* _Raw data_:
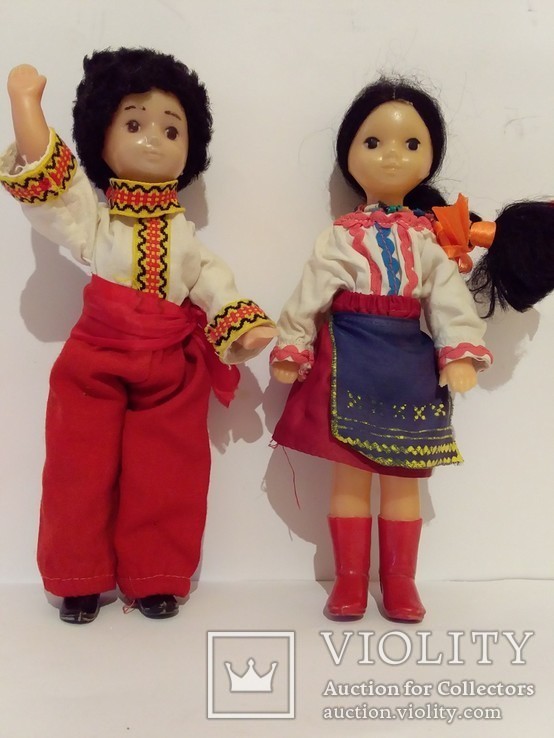 Две куклы в национальных костюмах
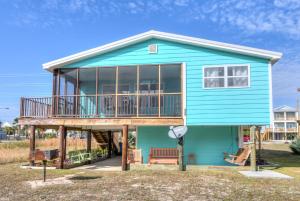 Two-Bedroom House room in West Beach Cottage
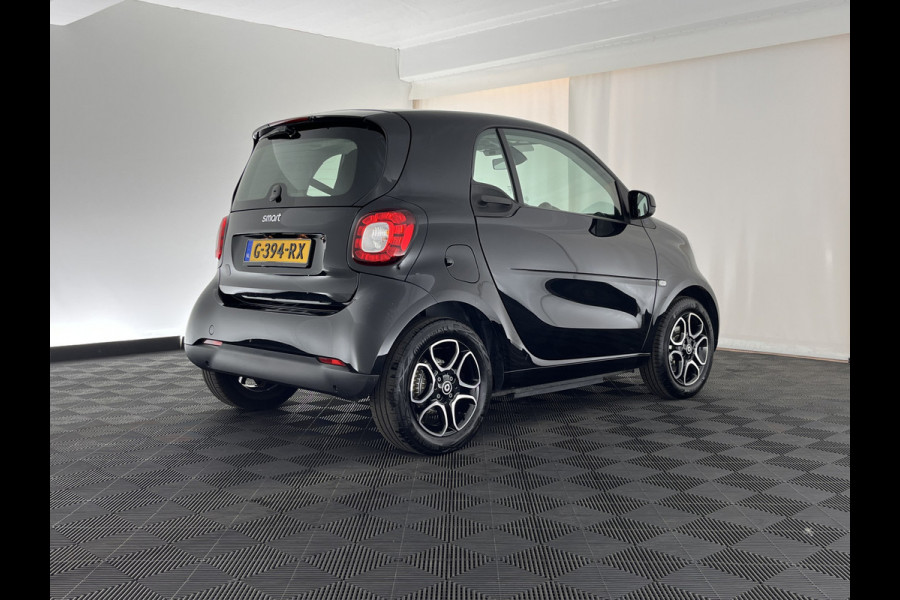 Smart Fortwo EQ Business Solution 18 kWh [ 3-Fase ] Aut. *PANO | FULL-LEATHER | NAVI-FULLMAP | CAMERA | HEATED-COMFORTSEATS | AIRCO | CRUISE | AMBIENT-LIGHT | 15''ALU*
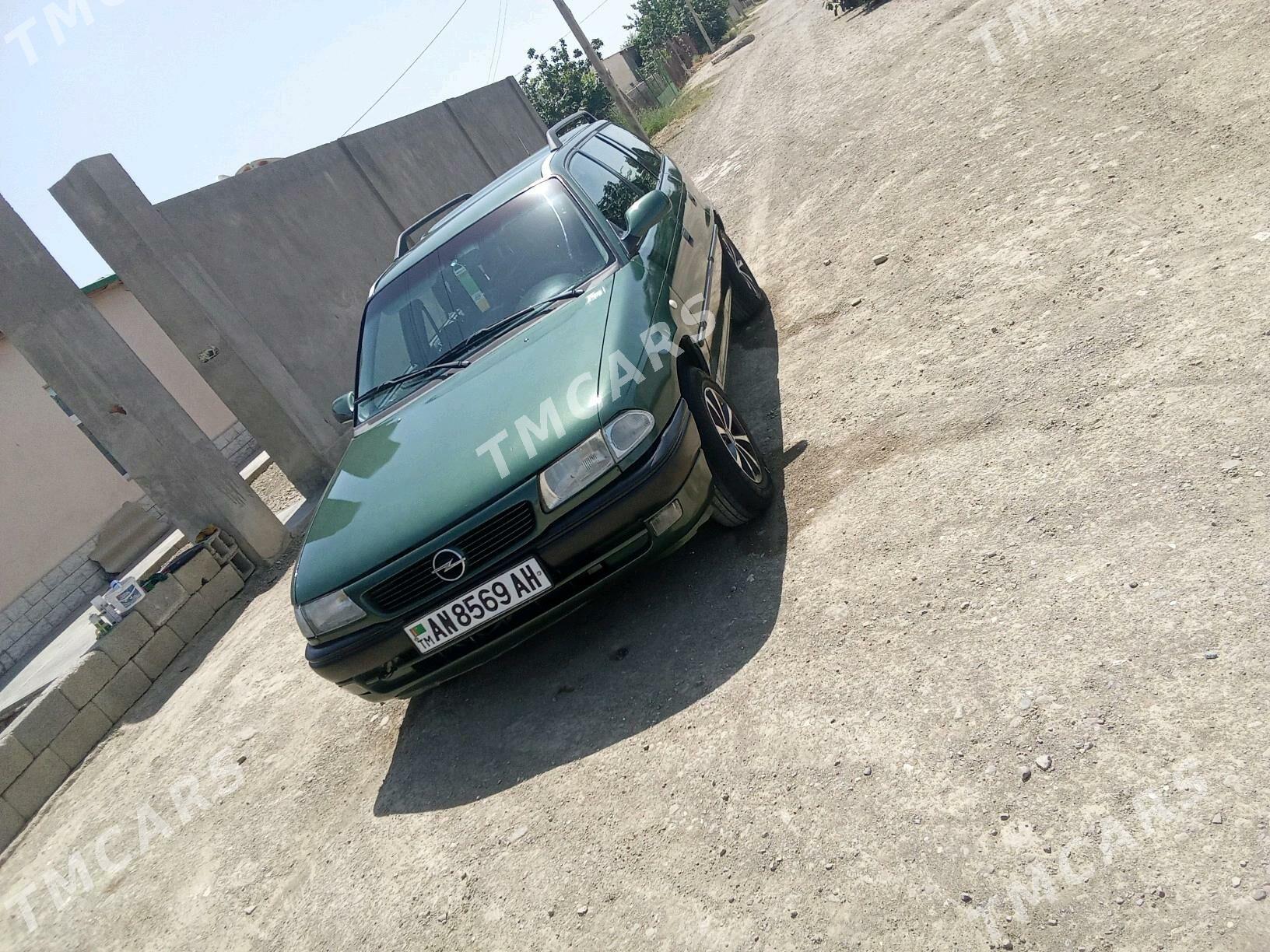 Opel Astra 1996 - 45 000 TMT - Махтумкули - img 4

* _What is expected_: Write out the data above in full and exactly, but not the pictures.

* _Output of the exercise_:
 Две куклы в национальных костюмах
 Two-Bedroom House room in West Beach Cottage
 Smart Fortwo EQ Business Solution 18 kWh [ 3-Fase ] Aut. *PANO | FULL-LEATHER | NAVI-FULLMAP | CAMERA | HEATED-COMFORTSEATS | AIRCO | CRUISE | AMBIENT-LIGHT | 15''ALU*
 Opel Astra 1996 - 45 000 TMT - Махтумкули - img 4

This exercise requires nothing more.